Segment Start: Records for the exercise
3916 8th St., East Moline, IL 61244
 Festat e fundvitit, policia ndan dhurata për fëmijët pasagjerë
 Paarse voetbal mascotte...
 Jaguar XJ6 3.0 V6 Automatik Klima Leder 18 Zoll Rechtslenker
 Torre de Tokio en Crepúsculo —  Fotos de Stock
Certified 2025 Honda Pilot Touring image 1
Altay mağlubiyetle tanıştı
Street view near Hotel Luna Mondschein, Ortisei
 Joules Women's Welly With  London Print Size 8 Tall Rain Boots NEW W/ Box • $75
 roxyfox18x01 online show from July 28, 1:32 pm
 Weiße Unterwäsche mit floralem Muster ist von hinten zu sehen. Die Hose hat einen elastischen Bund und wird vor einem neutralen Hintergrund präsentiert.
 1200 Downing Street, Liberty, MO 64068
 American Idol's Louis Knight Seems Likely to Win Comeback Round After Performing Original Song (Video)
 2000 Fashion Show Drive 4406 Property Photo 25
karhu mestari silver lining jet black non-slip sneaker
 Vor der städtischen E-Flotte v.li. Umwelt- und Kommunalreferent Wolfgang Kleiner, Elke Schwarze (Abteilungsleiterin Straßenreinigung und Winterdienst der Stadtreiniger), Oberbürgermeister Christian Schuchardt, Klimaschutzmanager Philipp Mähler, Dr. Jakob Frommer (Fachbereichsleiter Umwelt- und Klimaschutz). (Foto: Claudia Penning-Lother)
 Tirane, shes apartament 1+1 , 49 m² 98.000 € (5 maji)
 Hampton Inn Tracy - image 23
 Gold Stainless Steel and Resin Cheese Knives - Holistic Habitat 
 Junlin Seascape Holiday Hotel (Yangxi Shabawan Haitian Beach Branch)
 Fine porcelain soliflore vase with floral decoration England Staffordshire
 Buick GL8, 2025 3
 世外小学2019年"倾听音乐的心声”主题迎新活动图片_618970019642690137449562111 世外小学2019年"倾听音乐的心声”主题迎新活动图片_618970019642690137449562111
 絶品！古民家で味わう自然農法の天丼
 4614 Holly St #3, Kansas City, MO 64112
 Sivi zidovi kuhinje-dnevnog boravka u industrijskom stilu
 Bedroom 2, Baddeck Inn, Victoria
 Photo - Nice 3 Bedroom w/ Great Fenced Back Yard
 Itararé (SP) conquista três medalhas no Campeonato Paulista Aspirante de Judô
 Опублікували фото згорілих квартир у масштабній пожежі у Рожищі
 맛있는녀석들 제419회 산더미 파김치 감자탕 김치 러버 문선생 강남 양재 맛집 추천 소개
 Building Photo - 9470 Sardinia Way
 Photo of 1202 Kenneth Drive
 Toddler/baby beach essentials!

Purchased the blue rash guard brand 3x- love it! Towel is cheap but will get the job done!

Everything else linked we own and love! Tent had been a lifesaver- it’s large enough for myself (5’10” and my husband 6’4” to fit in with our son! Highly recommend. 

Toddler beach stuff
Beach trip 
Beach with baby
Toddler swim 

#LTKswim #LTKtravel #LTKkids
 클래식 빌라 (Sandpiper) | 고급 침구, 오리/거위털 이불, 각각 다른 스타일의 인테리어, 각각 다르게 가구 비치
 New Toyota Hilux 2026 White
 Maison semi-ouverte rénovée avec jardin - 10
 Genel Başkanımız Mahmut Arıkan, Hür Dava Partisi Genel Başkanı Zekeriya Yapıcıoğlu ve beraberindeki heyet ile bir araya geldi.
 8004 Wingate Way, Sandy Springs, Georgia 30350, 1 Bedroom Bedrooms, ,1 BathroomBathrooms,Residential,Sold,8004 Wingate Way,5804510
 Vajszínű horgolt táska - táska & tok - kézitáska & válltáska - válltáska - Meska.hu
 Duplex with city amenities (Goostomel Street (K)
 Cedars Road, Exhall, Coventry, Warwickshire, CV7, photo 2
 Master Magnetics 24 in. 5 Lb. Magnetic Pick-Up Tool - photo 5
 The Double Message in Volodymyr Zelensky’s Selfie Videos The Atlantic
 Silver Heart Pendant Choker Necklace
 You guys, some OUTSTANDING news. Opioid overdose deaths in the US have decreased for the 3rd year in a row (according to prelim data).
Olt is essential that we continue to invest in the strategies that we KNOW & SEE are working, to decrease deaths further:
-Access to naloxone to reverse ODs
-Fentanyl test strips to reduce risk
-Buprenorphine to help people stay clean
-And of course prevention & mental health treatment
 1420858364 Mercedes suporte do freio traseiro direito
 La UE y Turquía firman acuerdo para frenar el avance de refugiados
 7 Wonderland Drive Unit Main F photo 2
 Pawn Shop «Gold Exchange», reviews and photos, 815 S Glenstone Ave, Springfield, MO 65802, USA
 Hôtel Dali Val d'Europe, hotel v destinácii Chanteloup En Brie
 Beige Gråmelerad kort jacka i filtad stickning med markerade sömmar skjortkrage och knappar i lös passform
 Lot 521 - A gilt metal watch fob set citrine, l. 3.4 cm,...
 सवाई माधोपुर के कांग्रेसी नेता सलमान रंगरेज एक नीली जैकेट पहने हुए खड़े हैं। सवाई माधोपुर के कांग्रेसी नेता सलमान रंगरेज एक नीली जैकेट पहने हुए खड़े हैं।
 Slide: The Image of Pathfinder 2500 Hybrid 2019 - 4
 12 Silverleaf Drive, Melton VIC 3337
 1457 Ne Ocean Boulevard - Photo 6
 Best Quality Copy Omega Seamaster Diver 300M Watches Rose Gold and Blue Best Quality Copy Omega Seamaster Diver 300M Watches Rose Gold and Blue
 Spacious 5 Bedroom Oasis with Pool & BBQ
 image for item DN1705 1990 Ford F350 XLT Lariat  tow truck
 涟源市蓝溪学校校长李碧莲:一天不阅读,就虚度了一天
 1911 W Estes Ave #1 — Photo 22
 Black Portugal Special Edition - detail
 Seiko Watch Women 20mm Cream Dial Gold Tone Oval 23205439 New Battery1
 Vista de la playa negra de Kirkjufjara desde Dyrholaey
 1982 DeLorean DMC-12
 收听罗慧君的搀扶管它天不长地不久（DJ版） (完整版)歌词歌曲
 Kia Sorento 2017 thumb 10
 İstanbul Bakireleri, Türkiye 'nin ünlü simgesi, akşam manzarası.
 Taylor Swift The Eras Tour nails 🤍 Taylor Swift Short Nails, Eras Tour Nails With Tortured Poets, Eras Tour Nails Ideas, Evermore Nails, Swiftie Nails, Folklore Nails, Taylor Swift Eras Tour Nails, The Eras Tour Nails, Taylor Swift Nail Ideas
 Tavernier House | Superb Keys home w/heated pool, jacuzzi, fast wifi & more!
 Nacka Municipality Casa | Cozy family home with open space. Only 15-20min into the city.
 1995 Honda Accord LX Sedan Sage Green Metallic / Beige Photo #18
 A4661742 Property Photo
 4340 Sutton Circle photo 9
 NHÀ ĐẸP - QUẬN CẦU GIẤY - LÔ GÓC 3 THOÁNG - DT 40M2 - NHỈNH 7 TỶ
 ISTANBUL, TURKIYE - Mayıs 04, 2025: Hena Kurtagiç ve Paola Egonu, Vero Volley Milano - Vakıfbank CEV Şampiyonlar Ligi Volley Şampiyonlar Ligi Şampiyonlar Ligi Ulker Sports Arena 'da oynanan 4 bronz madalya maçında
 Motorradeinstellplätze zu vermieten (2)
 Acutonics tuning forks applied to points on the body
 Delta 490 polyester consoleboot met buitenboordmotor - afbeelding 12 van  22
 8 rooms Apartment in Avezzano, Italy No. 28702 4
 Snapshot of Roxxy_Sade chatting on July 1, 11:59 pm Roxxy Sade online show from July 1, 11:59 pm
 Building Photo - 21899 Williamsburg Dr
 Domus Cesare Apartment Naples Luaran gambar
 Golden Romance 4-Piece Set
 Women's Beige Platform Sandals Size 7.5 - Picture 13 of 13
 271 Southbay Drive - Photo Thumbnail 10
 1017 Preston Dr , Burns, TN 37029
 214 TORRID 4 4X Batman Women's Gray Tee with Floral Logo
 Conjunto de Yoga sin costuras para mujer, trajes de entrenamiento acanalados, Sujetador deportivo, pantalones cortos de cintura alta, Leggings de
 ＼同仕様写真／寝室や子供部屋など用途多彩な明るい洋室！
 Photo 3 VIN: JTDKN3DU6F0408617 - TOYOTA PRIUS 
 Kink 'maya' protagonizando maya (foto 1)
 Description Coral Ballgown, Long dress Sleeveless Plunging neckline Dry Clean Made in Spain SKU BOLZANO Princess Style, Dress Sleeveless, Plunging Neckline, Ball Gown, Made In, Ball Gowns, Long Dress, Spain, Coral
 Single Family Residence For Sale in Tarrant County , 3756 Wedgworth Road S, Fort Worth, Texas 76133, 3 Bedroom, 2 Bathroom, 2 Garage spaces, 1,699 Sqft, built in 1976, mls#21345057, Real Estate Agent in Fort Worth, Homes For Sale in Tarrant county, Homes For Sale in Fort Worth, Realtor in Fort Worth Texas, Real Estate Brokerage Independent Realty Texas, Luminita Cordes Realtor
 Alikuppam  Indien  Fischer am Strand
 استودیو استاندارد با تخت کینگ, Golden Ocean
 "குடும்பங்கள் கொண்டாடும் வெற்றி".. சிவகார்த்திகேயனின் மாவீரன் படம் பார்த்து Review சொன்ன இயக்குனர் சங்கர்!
Segment End: Records for the exercise
# Your goal
Copy each line in the listing where "Street" appears.

# Output for this task
Street view near Hotel Luna Mondschein, Ortisei
 1200 Downing Street, Liberty, MO 64068
 Duplex with city amenities (Goostomel Street (K)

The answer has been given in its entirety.